Manfaat internet yang  juga terasa sangat membantu, saat mencari metoda belajar yang cocok untuk anak disleksia. Dengan kemudahan berinternet, kami bisa mencari video-video pembelajaran mudah dan tepat. Salah satu metoda yang sering kami gunakan adalah dengan membuat kartu-kartu bergambar. Untuk membantu melekatkan huruf-huruf dalam ingatan Zidna. 

Kartu-kartu bergambar buatan bapaknya Zidna (Koleksi Pribadi)

Metoda belajar memadukan gambar dan suku kata (Foto : Nurhayati Pujiastuti)

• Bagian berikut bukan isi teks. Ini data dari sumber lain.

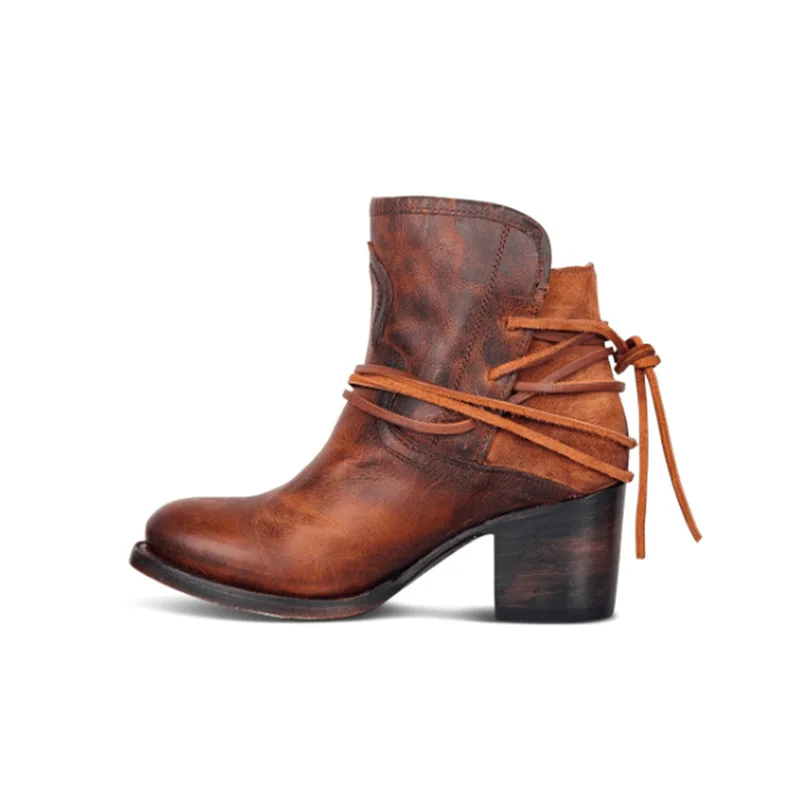 Women Boots 2022 Autumn Vintage Boots Women Chunky Heels Lace-up Booties Heeled Ankle Boots Botas De Mujer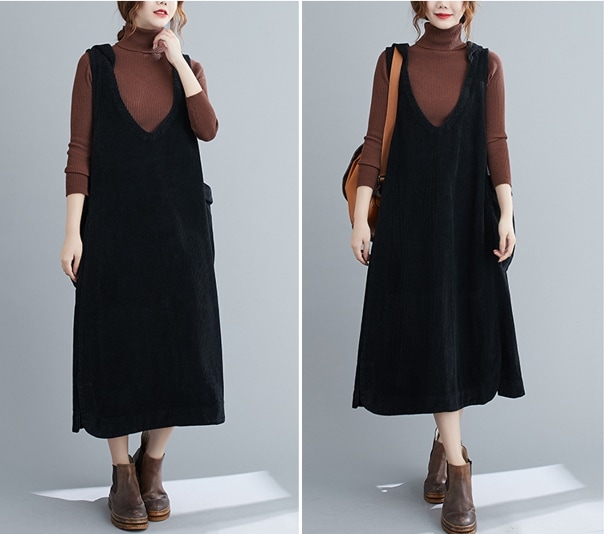 ワンピース パーカー フーディー ロングスカート ジャンパースカート ロング ロング丈 袖なし ノースリーブ Vネック 襟なし Aライン フード付き ポケット 厚手 コーデュロイ 大人可愛い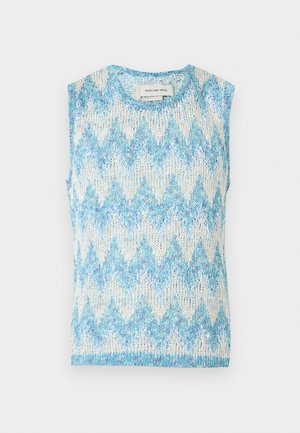 Vestă pulover tricotată fără mâneci, cu model zigzag albastru și alb și decolteu rotund, așezată plat pe un fundal deschis.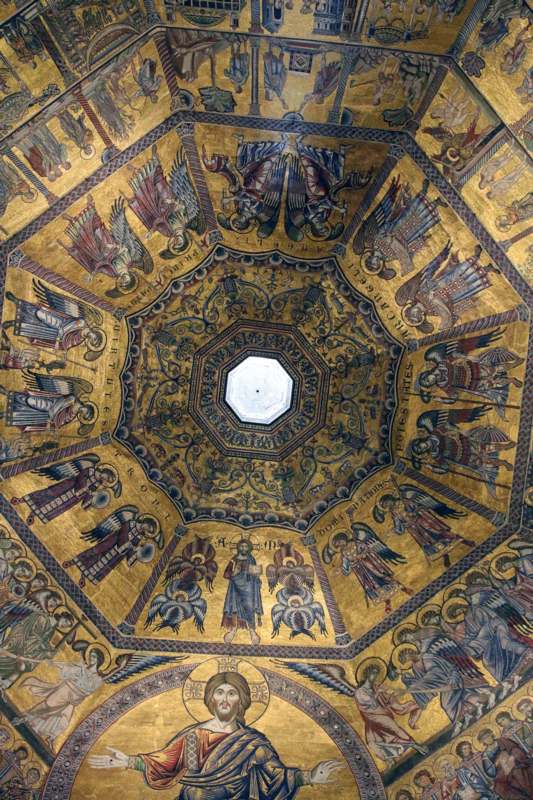 a gold and blue painted ceiling with Florence Baptistery in the background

Selain itu, saya juga banyak berkonsultasi dengan teman-teman yang berprofesi sebagai psikolog dan pemerhati pendidikan juga penulis yang terlibat langsung dengan pendidikan anak usia dini, Bunda Nurhayati Pujiastuti.Tak terbayangkan jika saat ini tak ada jaringan internet yang membantu kami untuk lebih memahami kondisi Zidna.

Banyak tips dan materi yang saya peroleh dari beliau bagaimana cara mengajari anak disleksia. Salah satu quote yang paling menarik adalah, “Jangan hanya mengajari anak agar bisa membaca, namun ajari anak agar cinta membaca.”

Mengajari Zidna membaca masih menjadi PR bagi kami. Namun, saya optimis, Zidna pasti bisa membaca. Hanya harus memperpanjang sabar, dan terus pantang menyerah mengulang-ulang memasukkan huruf demi huruf ke dalam bilik kelabu otaknya. Saya yakin Zidna tidak bodoh. Ia hanya perlu dibantu agar tak tersesat di belantara huruf-huruf yang membingungkan dan mengintimidasi.

Seperti ujar seorang teman penulis, yang pernah mengalami disleksia dan menjadi sarjana hukum dari universitas ternama, disleksia itu bukan kekurangan, melainkan suatu anugerah. 

Sungguh, ini PR yang luar biasa bagi kami. Semoga Allah memampukan kami mendidik dan mengantarkan Zidna menjadi anugerah bagi orang-orang di sekelilingnya, juga bagi kehidupan yang lebih luas. Aamiin....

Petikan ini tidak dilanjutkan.